I can't wait for next year!


----------



## gdgli (Aug 24, 2011)

Terrific Stacey!

I didn't know that you were a shooter. I hope you gave all dogs a good bird!

I don't know that much about conformation but the judges who did our CCA event all commented on fronts in conformation dogs.

Keep up the good work!


----------



## Megora (Jun 7, 2010)

@Stacey - do you have pictures to share? 

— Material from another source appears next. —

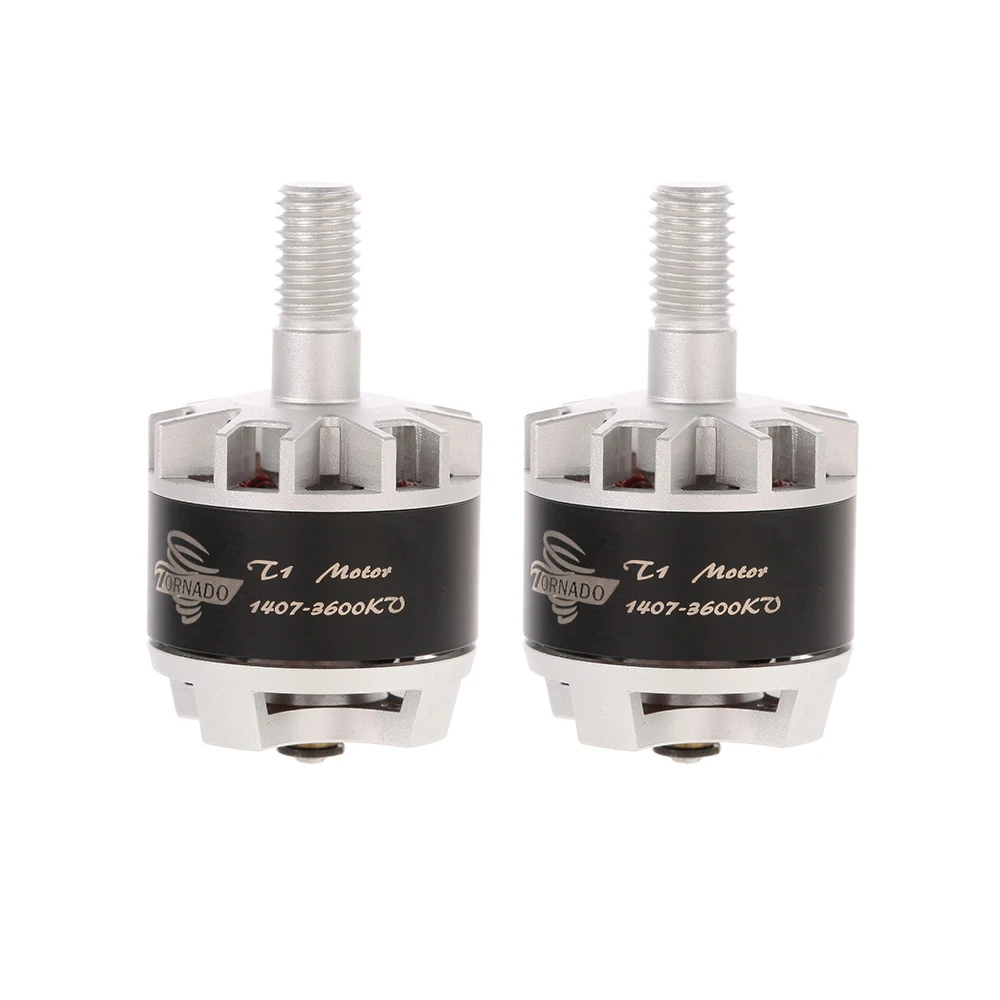 Бесщеточный мотор 2 шт T1 3 4S 1407 3600KV CW/CCW для крошечных микро 100 130 RC FPV Для дрона с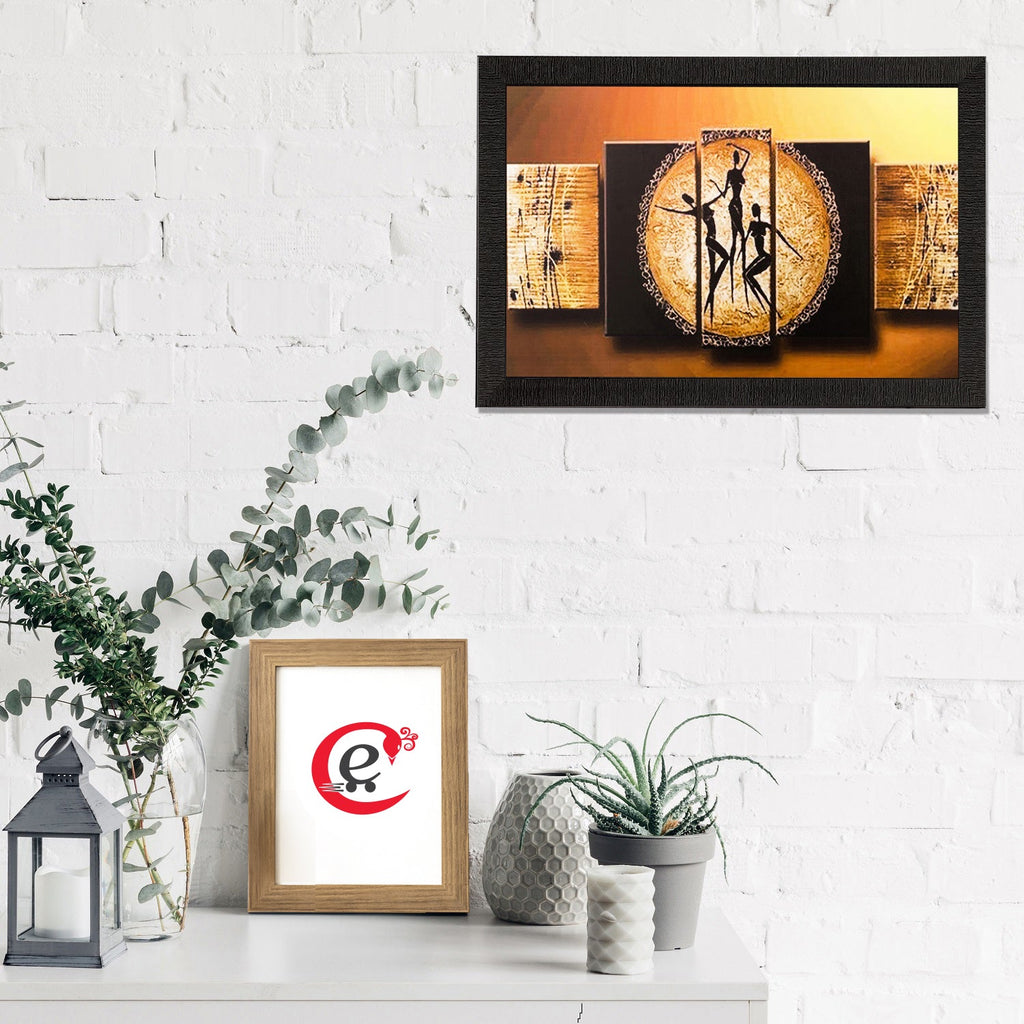 Abstract Tribal People Matt Textured UV Art Painting Kafalo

Congrats on the great week.


----------



## Kmullen (Feb 17, 2010)

Ok, I do have to say once again bc I hate generalizations!! Not all field dogs have "great" fronts" just like all conformation Goldens don't have great fronts!


----------



## TrailDogs (Aug 15, 2011)

I am sure your help was much appreciated! Sounds like you had a great time. And congratulations on your girl getting her third place.


----------



## Alaska7133 (May 26, 2011)

Kelli, you are so right! All dogs have one issue or another. But I did find many of the field dogs to have great fronts. One conformation judge at national made the comment that show dogs have longer loins with shorter length of rib cages. Then no depth or width of chest. That was a generalization. But she did feel that breeding had definitely pushed for a longer body in conformation. You can find great dogs in both areas.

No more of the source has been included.